Up until recently, virtual worlds have been defined by a lack of rules and a different definition of fun. *I* get to define it, not the game designer. There is a new generation of virtual worlds, some on consoles, some simply on web browsers, that look much more like hybrids that look much more game-like and are mass market friendly.

Second Life has garnered to date about 95% of the media attention, comprises about 1-1 1/2% of the addressable market. This is really a point of inflection.

The forms of entertainment such as film, tv, and entertainment are beginning to blur. As TV came out, entertainment got a little lonely. You could consume packaged entertainment. This continued until broken by MMOs.

Movies lead to gaming. Arguably, Star Wars was the first to show people that not all the money was just in the movie. People are willing to pay for complimentary experiences. One of those additional experiences was gaming. We had arrived.

Club Penguin reverses this model. There’s a character franchise, yes, but there’s not really a story. They just got bought by Disney. Wouldn’t it be interesting if Disney creates a film based on Club Penguin?

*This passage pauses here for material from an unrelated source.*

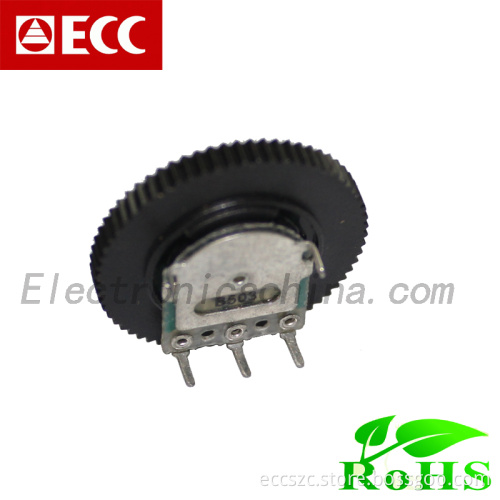 Protective Resistor for Car Radio Rotary Potentiometer (R1001H(L)-D)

Webkinz has extended the game play and the longevity of their product by pairing their product with a virtual world.

Reuben makes three predictions:

1. Social networks will become avatarized. Small virtual world plugins will be released into MySpace, FaceBook, etc.

2. Virtual worlds will become more like social networks. What we’re doing today are very small projects. In the future we will see major projects that drive entire shows.

3. Television tie-ins will increase for virtual worlds. In other worlds, virtual worlds are going to hit the console.